Climate catastrophes on track to multiply in the next 20 years
By Newser Editors and Wire Services
Posted Feb 28, 2022 6:17 AM CST
World Has a 'Brief and Rapidly Closing Window' to Save Itself
Bruce McDougal watches embers fly over his property as the Bond Fire burns through the Silverado community in Orange County, Calif., on Dec. 3, 2020. The United Nations on Monday, Feb. 28, 2022, released a new report on climate change.   (AP Photo/Noah Berger, File)

Deadly with extreme weather now, climate change is about to get so much worse. It is likely going to make the world sicker, hungrier, poorer, gloomier, and way more dangerous in the next 18 years with an “unavoidable” increase in risks, a new United Nations science report says, per the AP. The UN Intergovernmental Panel on Climate Change report said Monday if human-caused global warming isn’t limited to just another couple tenths of a degree, an Earth now struck regularly by deadly heat, fires, floods, and drought in future decades will degrade in 127 ways with some being “potentially irreversible.” Climate scientist Katharine Hayhoe of the Nature Conservancy, who wasn't part of the latest report, calls it the “Your House is on Fire” report.

  • “The cumulative scientific evidence is unequivocal: Climate change is a threat to human well-being and planetary health,” says the major report designed to guide world leaders in their efforts to curb climate change.
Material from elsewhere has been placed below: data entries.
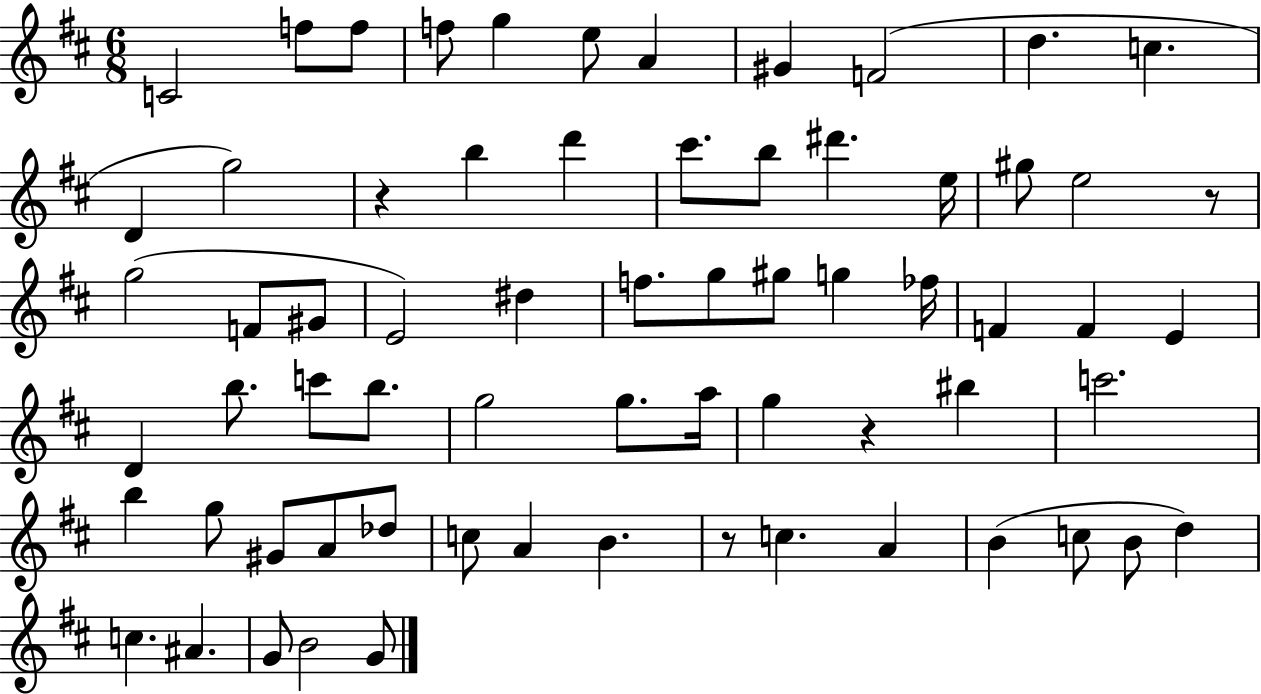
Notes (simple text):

C4/h F5/e F5/e F5/e G5/q E5/e A4/q G#4/q F4/h D5/q. C5/q. D4/q G5/h R/q B5/q D6/q C#6/e. B5/e D#6/q. E5/s G#5/e E5/h R/e G5/h F4/e G#4/e E4/h D#5/q F5/e. G5/e G#5/e G5/q FES5/s F4/q F4/q E4/q D4/q B5/e. C6/e B5/e. G5/h G5/e. A5/s G5/q R/q BIS5/q C6/h. B5/q G5/e G#4/e A4/e Db5/e C5/e A4/q B4/q. R/e C5/q. A4/q B4/q C5/e B4/e D5/q C5/q. A#4/q. G4/e B4/h G4/e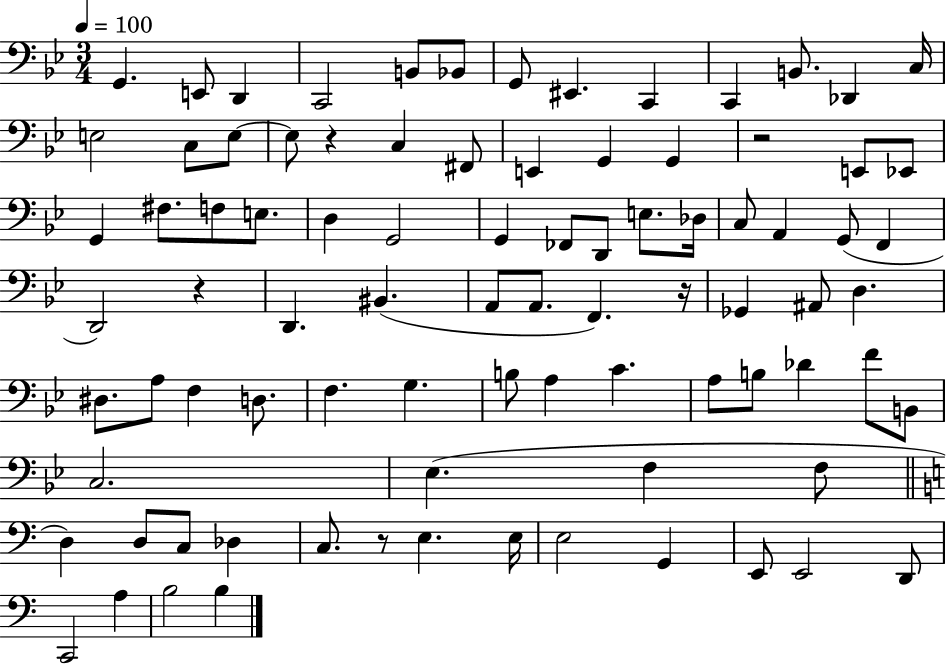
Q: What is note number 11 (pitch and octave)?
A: B2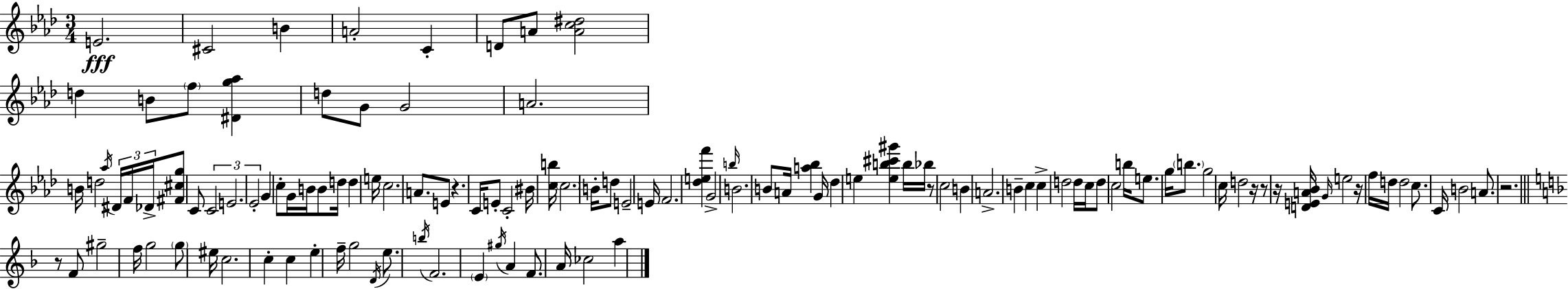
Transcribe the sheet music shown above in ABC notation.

X:1
T:Untitled
M:3/4
L:1/4
K:Ab
E2 ^C2 B A2 C D/2 A/2 [Ac^d]2 d B/2 f/2 [^Dg_a] d/2 G/2 G2 A2 B/4 d2 _a/4 ^D/4 F/4 _D/4 [^F^cg]/2 C/2 C2 E2 _E2 G c/2 G/4 B/4 B/2 d/4 d e/4 c2 A/2 E/2 z C/4 E/2 C2 ^B/4 [cb]/4 c2 B/4 d/2 E2 E/4 F2 [_def'] G2 b/4 B2 B/2 A/4 [a_b] G/4 _d e [eb^c'^g'] b/4 _b/4 z/2 c2 B A2 B c c d2 d/4 c/4 d/2 c2 b/4 e/2 g/4 b/2 g2 c/4 d2 z/4 z/2 z/4 [DEA_B]/4 G/4 e2 z/4 f/4 d/4 d2 c/2 C/4 B2 A/2 z2 z/2 F/2 ^g2 f/4 g2 g/2 ^e/4 c2 c c e f/4 g2 D/4 e/2 b/4 F2 E ^g/4 A F/2 A/4 _c2 a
Delaying cuts in heat-trapping carbon emissions and waiting on adapting to warming's impacts, it warns, “will miss a brief and rapidly closing window of opportunity to secure a liveable and sustainable future for all.”
  • Today’s children who may still be alive in the year 2100 are going to experience four times more climate extremes than they do now even with only a few more tenths of a degree of warming over today's heat. But if temperatures increase nearly 2 more degrees Celsius from now (3.4 degrees Fahrenheit) they would feel five times the floods, storms, drought, and heat waves, according to the collection of scientists at the IPCC.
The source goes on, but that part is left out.